As to the CLSID, good thought, but no -- the CLSID isn't a real CLSID, it's just a way of identifying its own commands. Basically, it's a list of if(!strcmpi(command, "clsid1")) { do_this() } elseif(!strcmpi(command, "clsid2")) { do_that() } etc.
It only has those 9 or so CLSID's included, and if it isn't on the list the command is simply discarded.
And for what it's worth, the initial "'\x00\x00\x00" that you're seeing is a length (0x27 = the length of the CLSID = ').
I spent the morning reverse engineering the Trojan and wrote an Nmap script to detect if a remote system is infected. Hope it helps out: http://www.skullsecurity.org/blog/?p=563.
Ron
As the original poster, and the author of a dozen or more Nmap scripts, I agree 100%. If you look at the tool itself, you'll see that everything is fairly separate and independent, even if they share a common codebase -- between the scripting and the "bonus" tools, the core is still fairly tight.
My comment at the end about the bloat + Emacs was intended 100% as humour, not actual commentary. I'm hoping nobody took it as a legitimate stab at Nmap, because it wasn't.
That's correct. I added a 'safe' parameter last night, since the Connficker check is safe, and have been advocating its use in all my posts (you'll see "script-args=safe=1" in everything). Watch out for that.
And for what it's worth, even if 'safe' is missing, it's only going to crash stuff that isn't patched for MS08-067.
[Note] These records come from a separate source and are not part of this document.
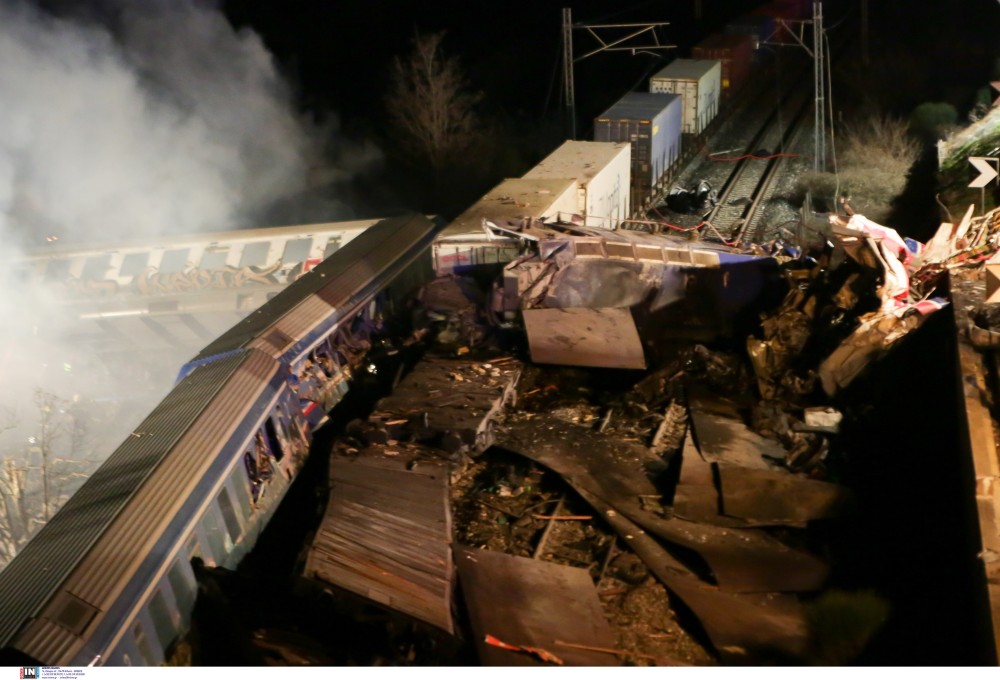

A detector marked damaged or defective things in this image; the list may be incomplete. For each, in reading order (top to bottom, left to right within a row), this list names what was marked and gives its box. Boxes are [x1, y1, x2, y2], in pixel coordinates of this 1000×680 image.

broken wooden debris [520, 306, 644, 370]
torn metal sheet [520, 308, 644, 372]
broken wooden debris [368, 356, 524, 456]
torn metal sheet [370, 358, 524, 454]
broken wooden debris [298, 444, 452, 636]
torn metal sheet [302, 444, 456, 636]
torn metal sheet [454, 548, 616, 664]
broken wooden debris [454, 544, 616, 668]
torn metal sheet [500, 418, 828, 592]
broken wooden debris [500, 418, 828, 592]
torn metal sheet [576, 486, 808, 660]
torn metal sheet [716, 462, 856, 524] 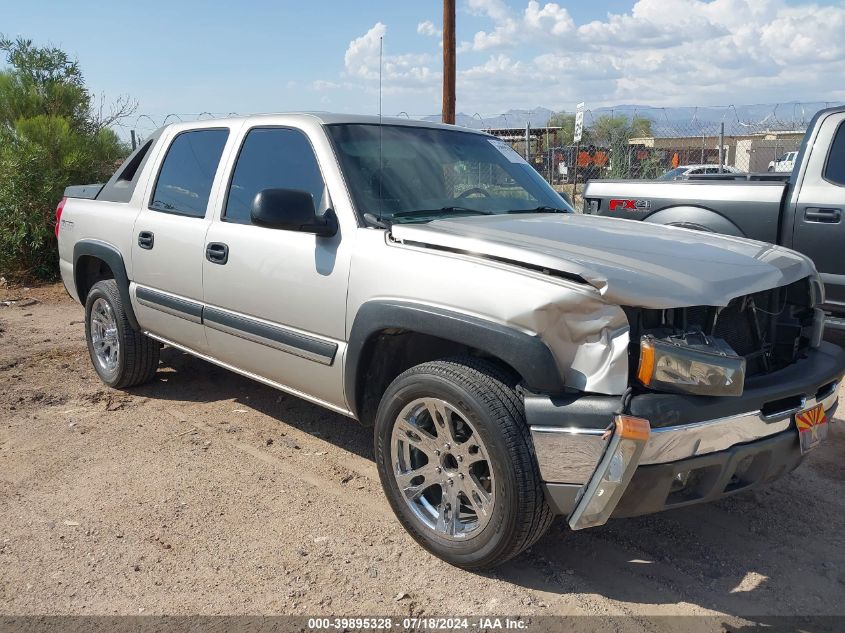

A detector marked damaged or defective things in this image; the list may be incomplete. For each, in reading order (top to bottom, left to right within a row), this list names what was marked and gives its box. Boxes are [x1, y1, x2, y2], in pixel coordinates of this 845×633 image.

crumpled hood [390, 212, 816, 308]
exposed headlight assembly [636, 330, 740, 396] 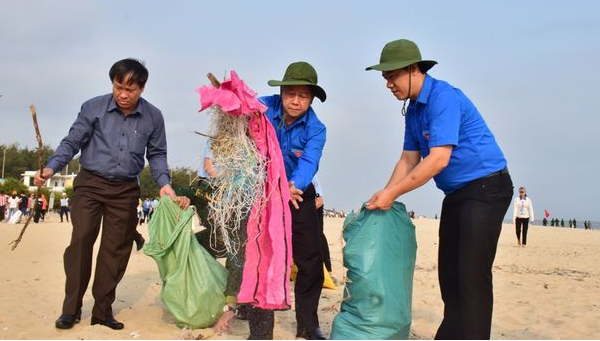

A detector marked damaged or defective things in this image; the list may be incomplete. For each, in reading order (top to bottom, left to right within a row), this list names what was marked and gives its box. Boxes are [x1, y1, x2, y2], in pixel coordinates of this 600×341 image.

tattered cloth [197, 71, 292, 308] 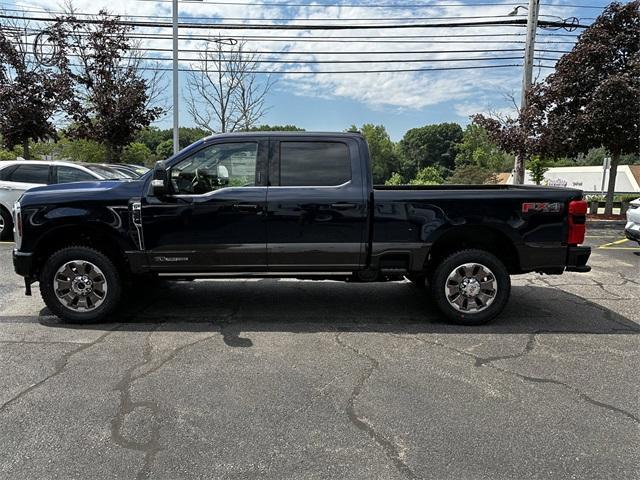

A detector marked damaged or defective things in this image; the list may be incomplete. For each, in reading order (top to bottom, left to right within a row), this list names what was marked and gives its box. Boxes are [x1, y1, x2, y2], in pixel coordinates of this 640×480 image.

pavement crack line [0, 328, 120, 414]
cracked pavement [0, 232, 636, 476]
pavement crack line [336, 332, 420, 480]
pavement crack line [390, 332, 640, 426]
Glad to hear it! When I wrote the ms08-067 script, I was surprised to see it posted around the Internet -- I wrote it as a demo of what Nmap can do, not as a production-grade scanner, and I guess it ended up being more useful than the other scripts that I've put *far* more work into
The goal of Computer Science is to build something that will last at least until we've finished building it.